Aim of the task: Only the lines below, from the one with "正品帅歌堡/Ah男鞋促销冬季新款牛皮时尚潮鞋高帮板鞋ACF13D1302N" through the one with "lingdao.jpg", are to be written out, exactly.

===== Supplied material

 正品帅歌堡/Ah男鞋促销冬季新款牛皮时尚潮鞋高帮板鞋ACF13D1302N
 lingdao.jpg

==========
===== Supplied material

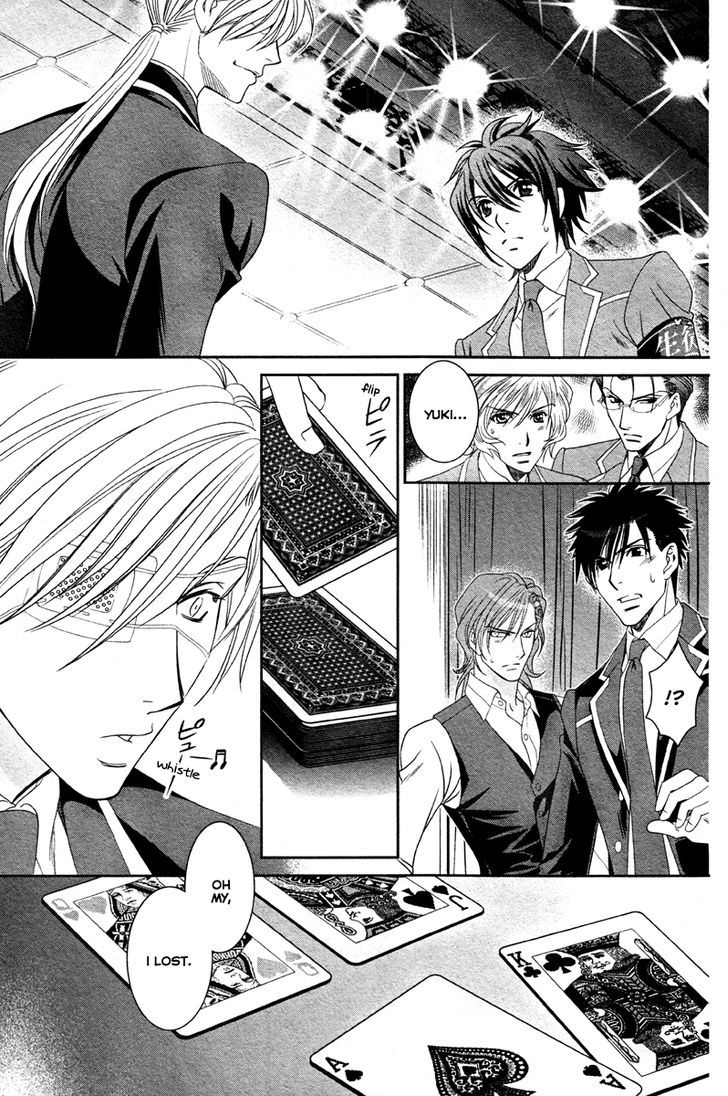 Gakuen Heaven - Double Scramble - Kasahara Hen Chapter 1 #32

==========

Output of the task:
 正品帅歌堡/Ah男鞋促销冬季新款牛皮时尚潮鞋高帮板鞋ACF13D1302N
 lingdao.jpg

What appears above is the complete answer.